How to: Clone a Project and Copy Data Rows and Labels in Labelbox

smutta · June 14, 2024, 6:08am

Hello Labelbox Community!

In this post, we’ll guide you through the process of cloning an existing project and copying data rows along with their labels to a new project. This can be very useful when you need to duplicate a project setup and its data for different tasks or teams. Let’s get started!

Prerequisites

Before you start, make sure you have:

Labelbox API key.
Labelbox Python SDK installed. If not, install it using:

%pip install -q --upgrade "labelbox[data]"

Step-by-Step Guide

1. Set Up Your Labelbox Client

First, initialize your Labelbox client with your API key.

import labelbox as lb

API_KEY = 'YOUR_API_KEY_HERE'
client = lb.Client(api_key=API_KEY)

2. Clone the Source Project

Use the clone method to duplicate your existing project.

# Get the source project using its ID
source_project = client.get_project("YOUR_SOURCE_PROJECT_ID")

# Clone the source project
destination_project = source_project.clone()
print(f"Cloned project ID: {destination_project.uid}")

3. Copy Data Rows and Labels

To copy our data rows and labels to a different project from a source project, use the client.send_to_annotate_from_catalog method with our Labelbox client.

Note: Send to Annotate does not currently support consensus projects.

Parameters: When you send data rows with labels to our destination project, you may choose to include or exclude certain parameters inside a Python dictionary. At a minimum, a source_project_id will need to be provided:

annotation_ontology_mapping: A dictionary containing the mapping of the source project’s ontology feature schema IDs to the destination project’s ontology feature schema IDs. If left empty, only the data rows with no labels will be sent to our destination project.

{"<source_feature_schema_id>": "<destination_feature_schema_id>"}

override_existing_annotations_rule: The strategy defines how to handle conflicts in classifications between the data rows that already exist in the project and incoming labels from the source project.

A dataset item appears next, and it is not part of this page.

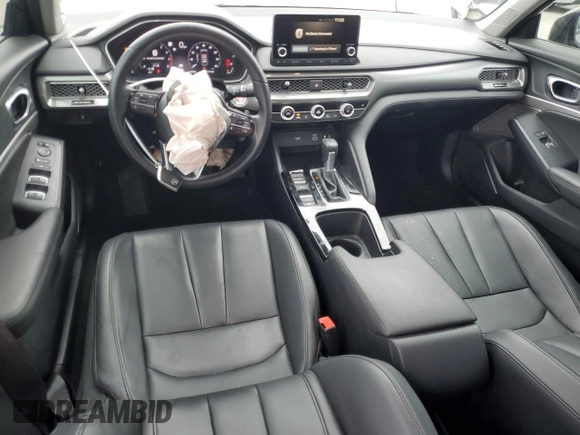 2023 Acura Integra with VIN 19UDE4H24PA010858, listed as a Copart auction lot 42124435 with 41,174 mi miles and Salvage Title. Bid and sale history available at DreamBid. Image 8.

Defaults to ConflictResolutionStrategy.KeepExisting. Options include:

ConflictResolutionStrategy.KeepExisting
ConflictResolutionStrategy.OverrideWithPredictions
ConflictResolutionStrategy.OverrideWithAnnotations

from labelbox.schema.conflict_resolution_strategy import ConflictResolutionStrategy

send_to_annotate_params = {
    "source_project_id": source_project.uid,
    "annotations_ontology_mapping": annotation_ontology_mapping,  # to be defined
    "exclude_data_rows_in_project": False,
    "override_existing_annotations_rule": ConflictResolutionStrategy.OverrideWithPredictions,
    "batch_priority": 5,
}

# Get task queue ID for manual review
queue_id = [queue.uid for queue in destination_project.task_queues() if queue.queue_type == "MANUAL_REVIEW_QUEUE"][0]

task = client.send_to_annotate_from_catalog(
    destination_project_id=destination_project.uid,
    task_queue_id=queue_id,  # ID of workflow task, set ID to None if you want to send data rows with labels to the Done queue.
    batch_name="Clone Demo Batch",
    data_rows=lb.GlobalKeys(global_keys),  # Provide a list of global keys from source project
    params=send_to_annotate_params
)

task.wait_till_done()

print(f"Errors: {task.errors}")

Conclusion

You have successfully cloned a project and copied data rows along with their labels to a new project. This approach ensures that you can easily replicate project setups and data for various purposes. If you have any questions or run into any issues, feel free to reach out to the community for support.

Reference📚 :

Happy labeling!

PT · September 11, 2024, 1:32pm

Here is an example using data row ids as data row identifier and doing a mapping of the same feature schema id from the origin and the destination project.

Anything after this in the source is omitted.